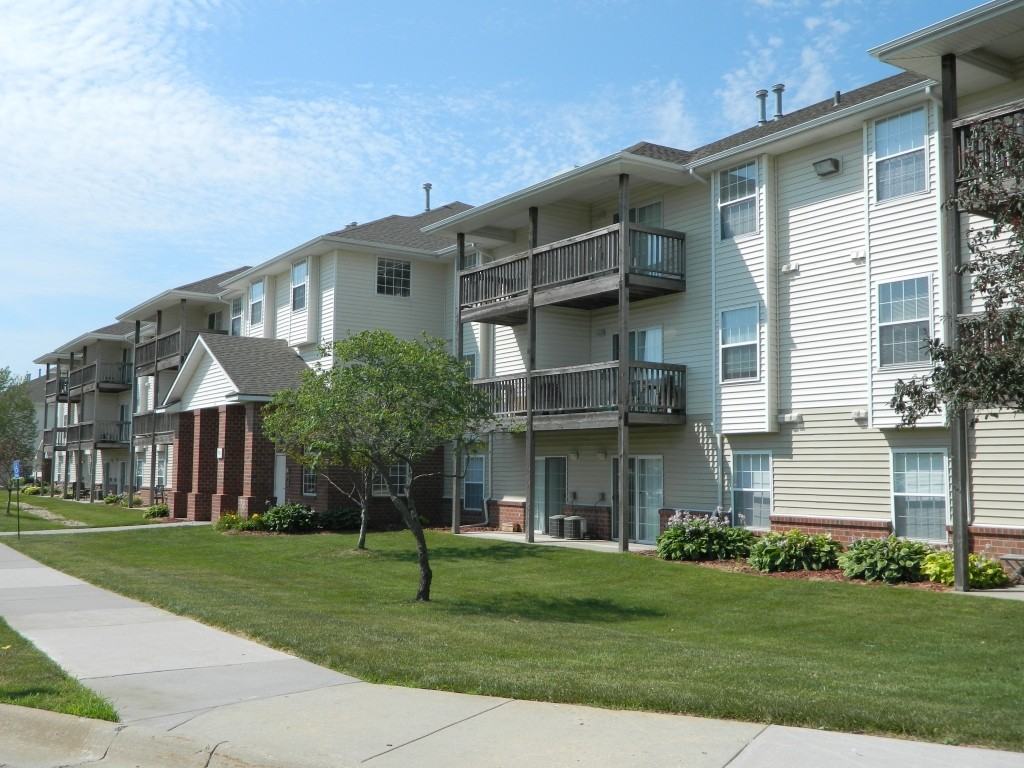 Kings Gate Senior Residences Apartments 7055 Crown Point Ave, Omaha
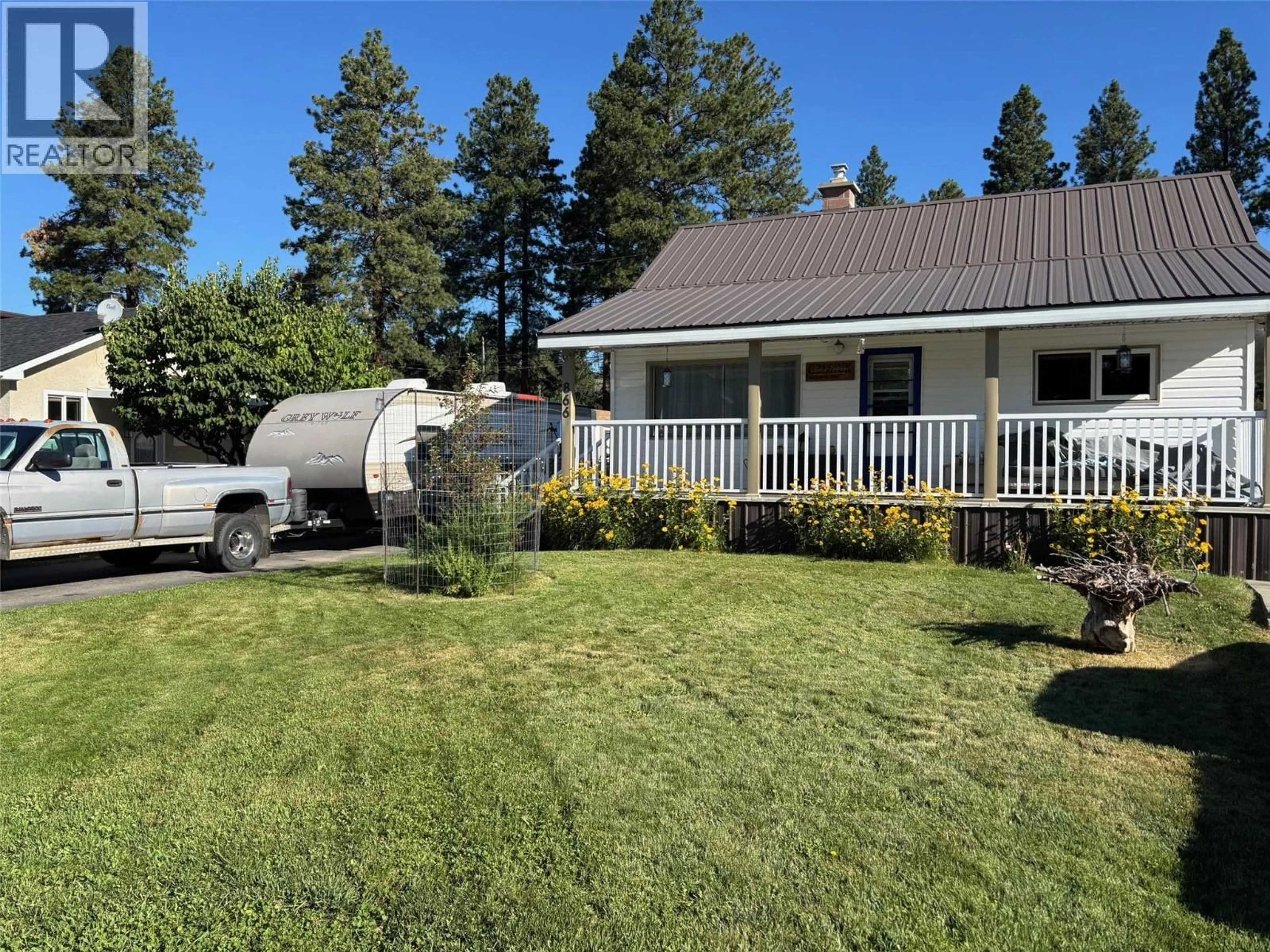 A pic from outside/outdoor area/front of a property/back of a property/a pic from drone, unknown for 866 305TH STREET STREET, Kimberley British Columbia V1A3H8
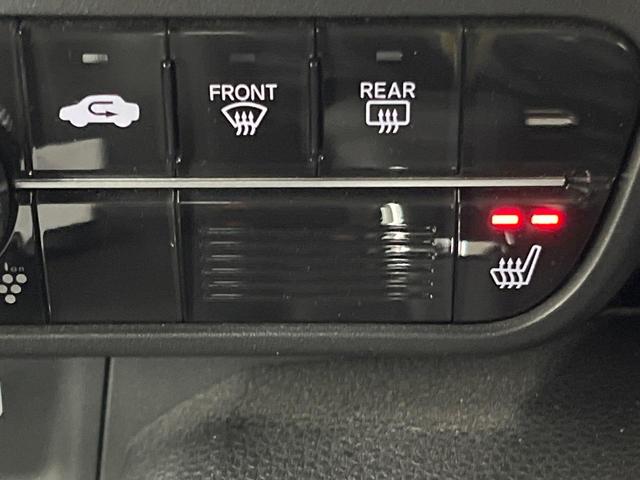 Ｎ－ＷＧＮカスタム Ｌ・ターボホンダセンシング　ターボ　純正ナビ　衝突軽減装置　レーダークルーズ　ＬＥＤヘッド　ドラレコ　ＥＴＣ　シートヒーター　バックカメラ　Ｂｌｕｅｔｏｏｔｈ　パドルシフト　合皮シート　電動パーキング　スマートキー（7枚目）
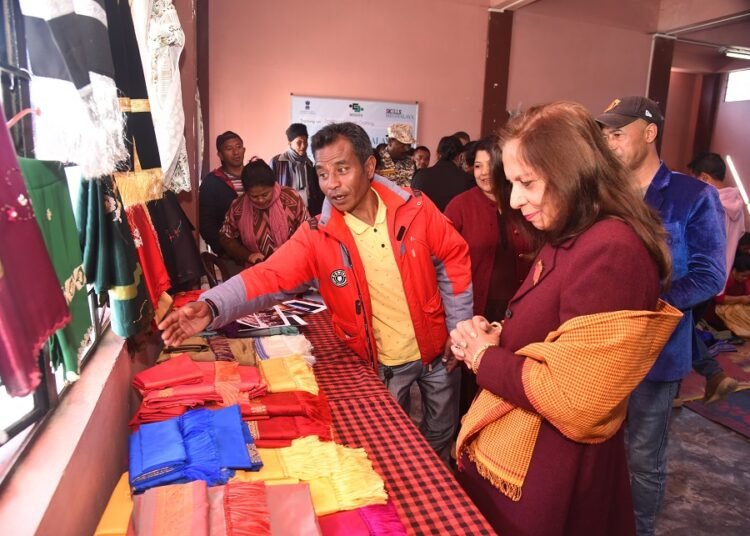First Lady visits tassel crafting training at Nongkrem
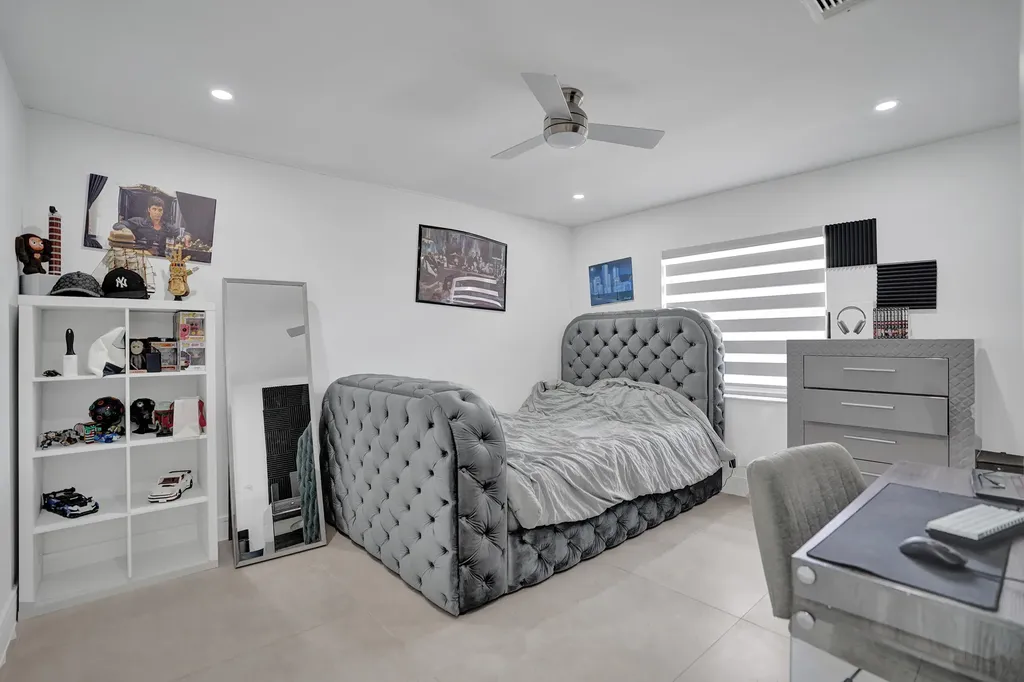 21675 Tall Palm Circle Boca Raton FL 33433
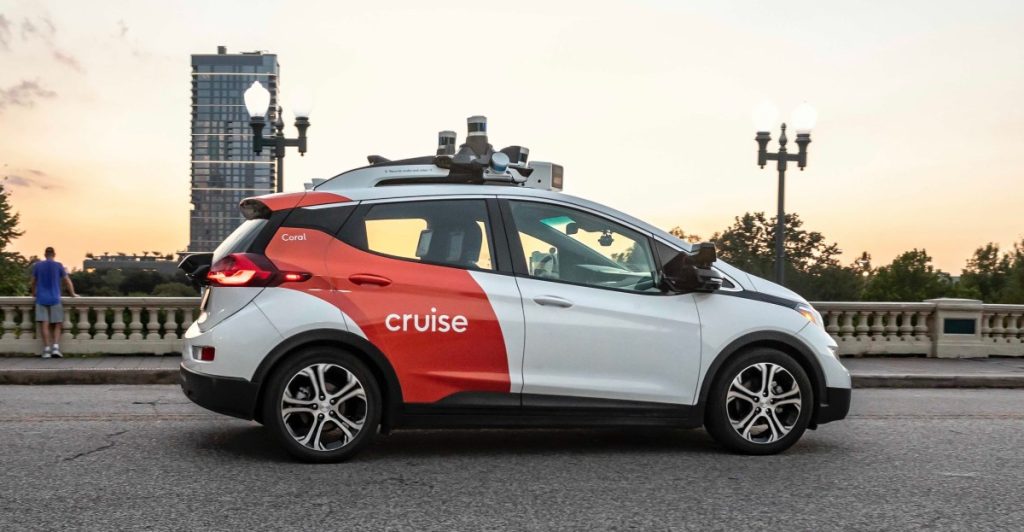 GM toma control de Cruise y despide empleados La empresa de robotaxis Cruise, que anteriormente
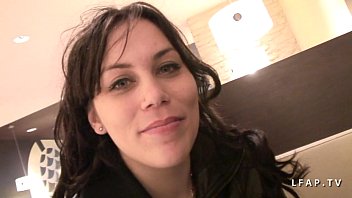 Une Petite Brune Amateur Se Fait Violemment Sodomiser Et Fister Sans Retenue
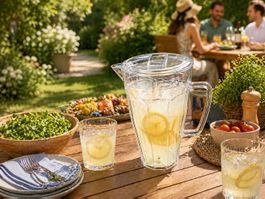 Transparente Karaffe mit Deckel – Wasserkrug
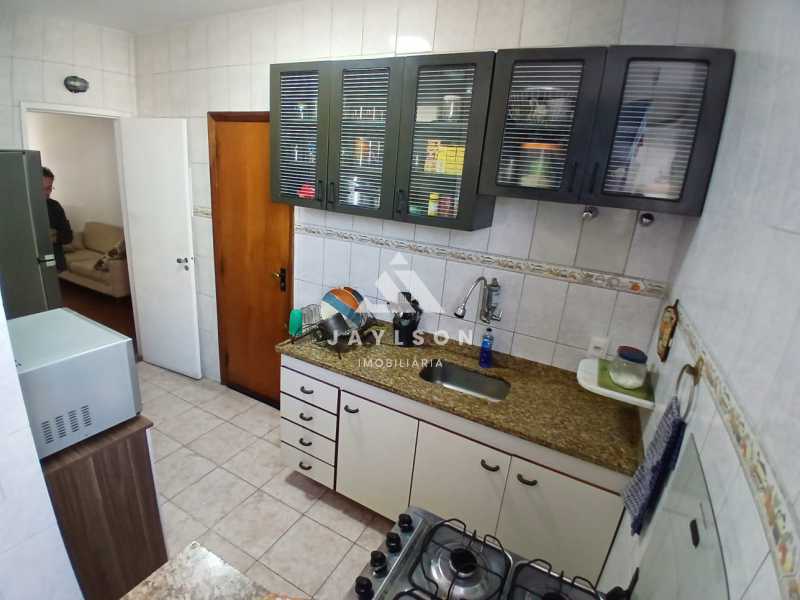 Apartamento à venda com 1 quarto, 62m² - Foto 16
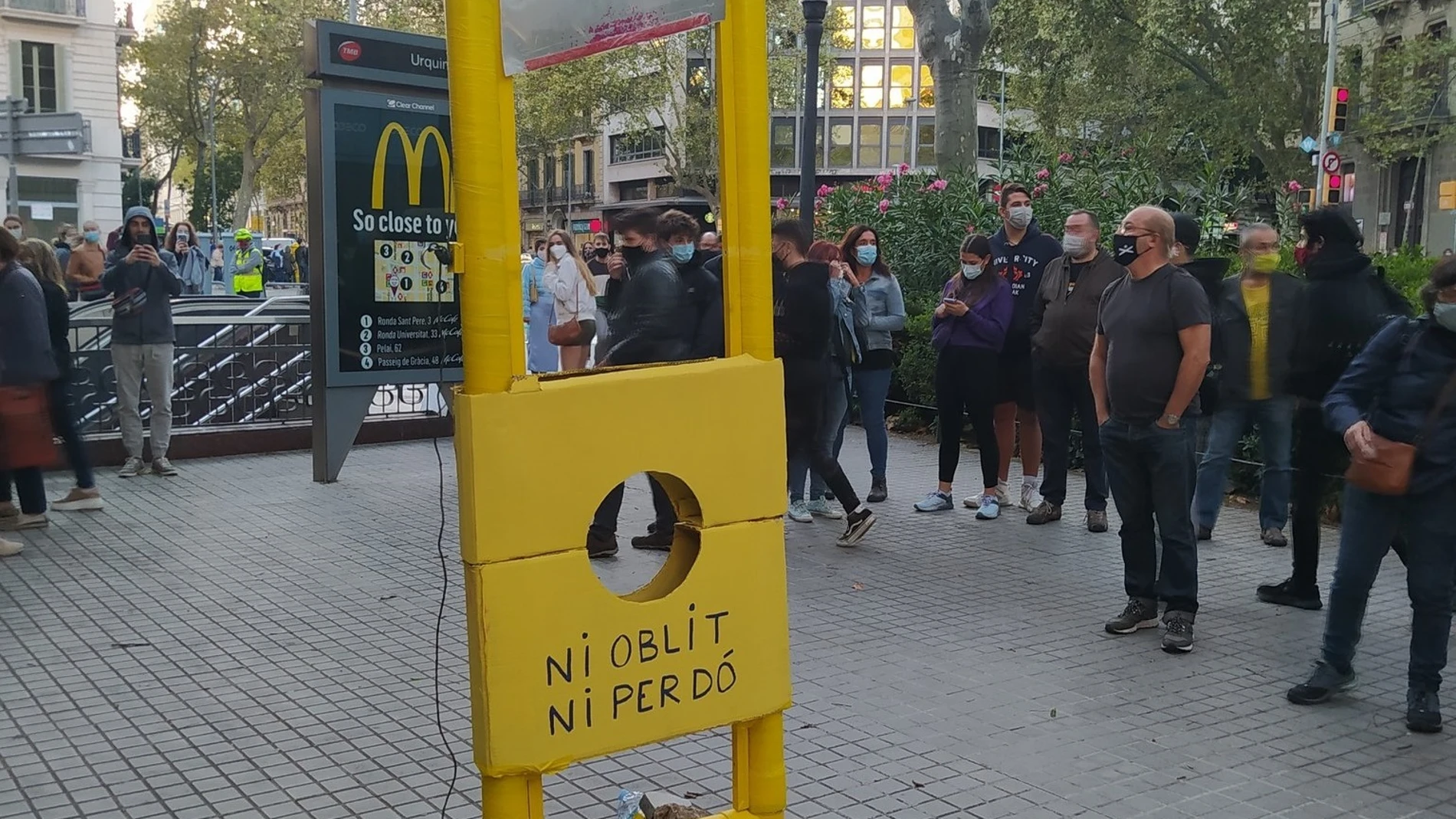 Los CDR colocan una guillotina de cartón con una foto del rey Felipe VI y una cabeza de cerdo en la plaza Urquinaona de Barcelona este sábado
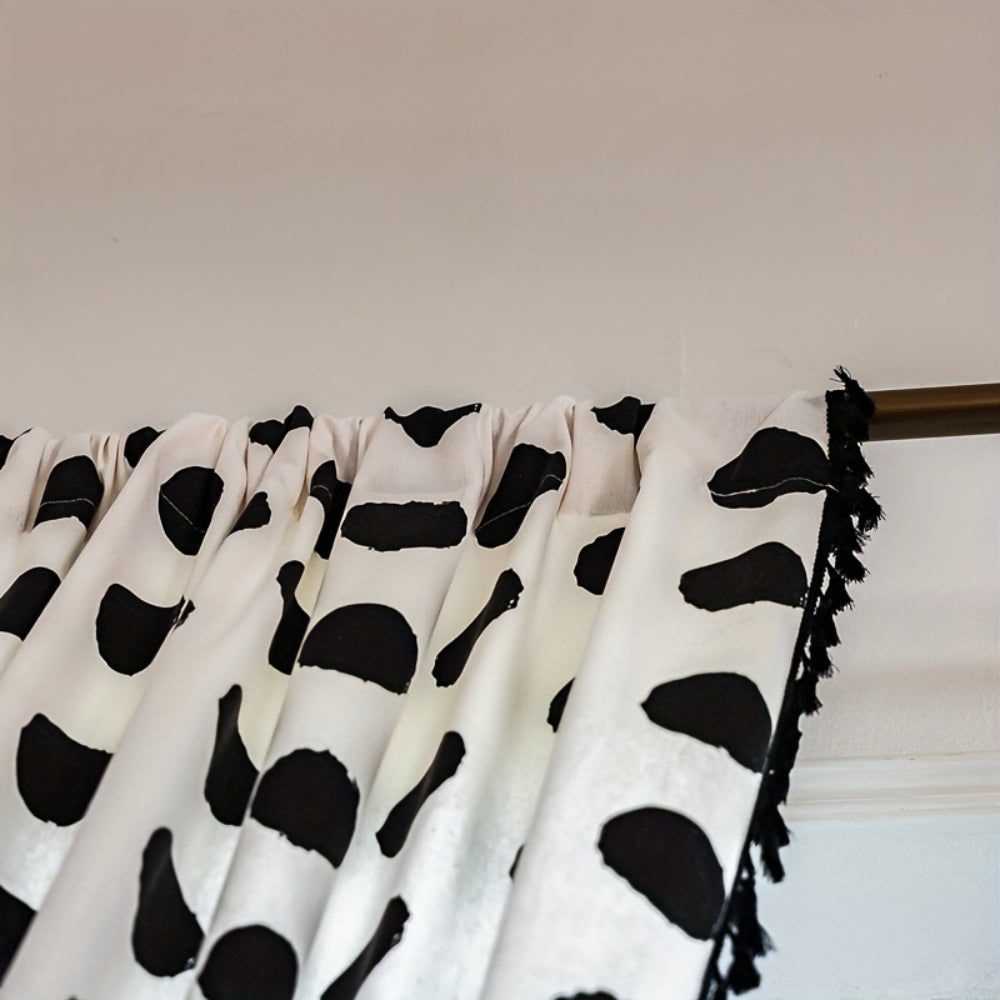 Polka dot curtain – window decoration with tassel trim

- [Aim of the task] Among the entries above, take the lines from the one with "First Lady visits" through the one with "Apartamento à venda" and retype them exactly, leaving out the pictures.

- [Exercise result]
First Lady visits tassel crafting training at Nongkrem
 21675 Tall Palm Circle Boca Raton FL 33433
 GM toma control de Cruise y despide empleados La empresa de robotaxis Cruise, que anteriormente
 Une Petite Brune Amateur Se Fait Violemment Sodomiser Et Fister Sans Retenue
 Transparente Karaffe mit Deckel – Wasserkrug
 Apartamento à venda com 1 quarto, 62m² - Foto 16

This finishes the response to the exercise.